Now, if we took untidy literal semantics (and abstract syntax), then the
above entailment does not hold, as the RDF MT would not be able to assert
any equality between the lexical representations disjunct from their
context and the determination of value equality other than the single
case of both identical datatype and lexical form would be relegated
to an extra-RDF application that groks the datatypes in question. I.e.

   Jenny age _:a"10" .
   Fred payday _:b"10" .
   Movie title _:c"10" .

does not entail

   Jenny age _:x .
   Fred payday _:x .
   Movie title _:x .

For all we know, the above literals *could* have an equivalent
meaning, but we can't know that given the information provided
above.

However, we may make the datatyping assertions which
are implicit in the propery names explicit in the RDF thus

   age rdfs:range xsd:integer .
   payday rdfs:range xsd:gDay .
   title rdfs:range xsd:string .

where, knowing the semantics of the above datatypes, it becomes crystal 
clear that we are talking about an integer
value, a day of the month value, and a string value which, simply
by coincidence, happen to have the same lexical representation.

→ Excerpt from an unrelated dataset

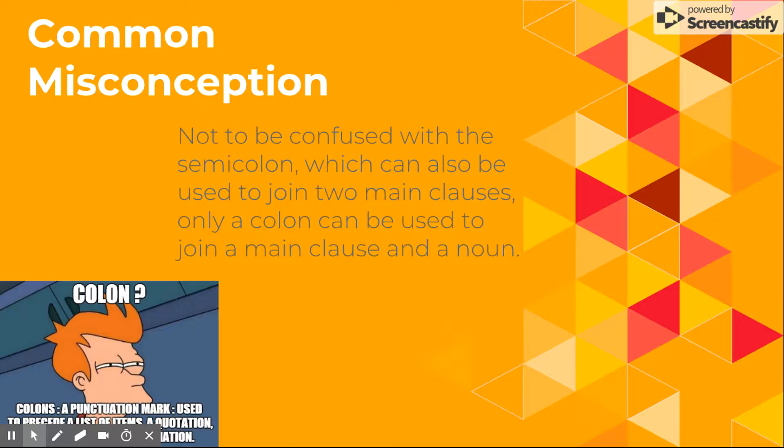First, we're gonna start off with a common misconception. Not to be confused with the semicolon, which can also be used to join two main clauses — only a colon can be used to join a main clause with a noun.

We could also make this distinction explicit for each occurrence,
in each statement, by specifying the datatype for each of the 
literals:

  Jenny age xsd:integer"10" .
  Fred payday xsd:gDay"10" .
  Movie title xsd:string"10" .

etc.

In the case of the implicit, inline literal _:a"10" the
systemID '_:a' is taken to denote "some" datatype, which is simply not
specified for the individual occurrence, but is provided
by a global range assertion on the property. Thus given

   age rdfs:range xsd:integer .
   Jenny age _:a"10" .

then the MT gives us

   I(_:a"10") = I(xsd:integer"10")

I.e., the node _:a"10" denotes the integer value ten.

> In fact, when you say a literal is untidy, I believe you are 
> confusing the
> mark with the use of the mark.  Isn't that distinction very 
> much like the
> distinction that  Frege introduced by distinguishing between 
> the sense and
> denotation of a name ?    I think the sense of a literal must 
> be untidy, but
> the literal itself (which sits in the model in the domain of 
> discourse as
> that thing denoted) must me be fixed and tidy.
> 
>    ... or am I confused as usual .... ?

Well, with untidy literal semantics, the sense would be untidy,
and contextual, but one could allow the denotation, the mark, to 
be syntactically tidy, as an issue of graph compression and 
memory efficiency, so long as one would not infer semantic tidyness
from the syntactic tidyness.
  
In fact, I would not expect any triples store worth its salt to
mirror an untidy abstract graph syntax religiously, even if it must
maintain the untidy semantics reflected in that abstract syntax.
There are many ways to optimize the internal representation of
the abstract graph with untidy literal nodes while preserving
the untidy semantics.

I hope the above was at least a little bit helpful.

Cheers,

Patrick
Received on Thursday, 29 August 2002 05:27:53 UTC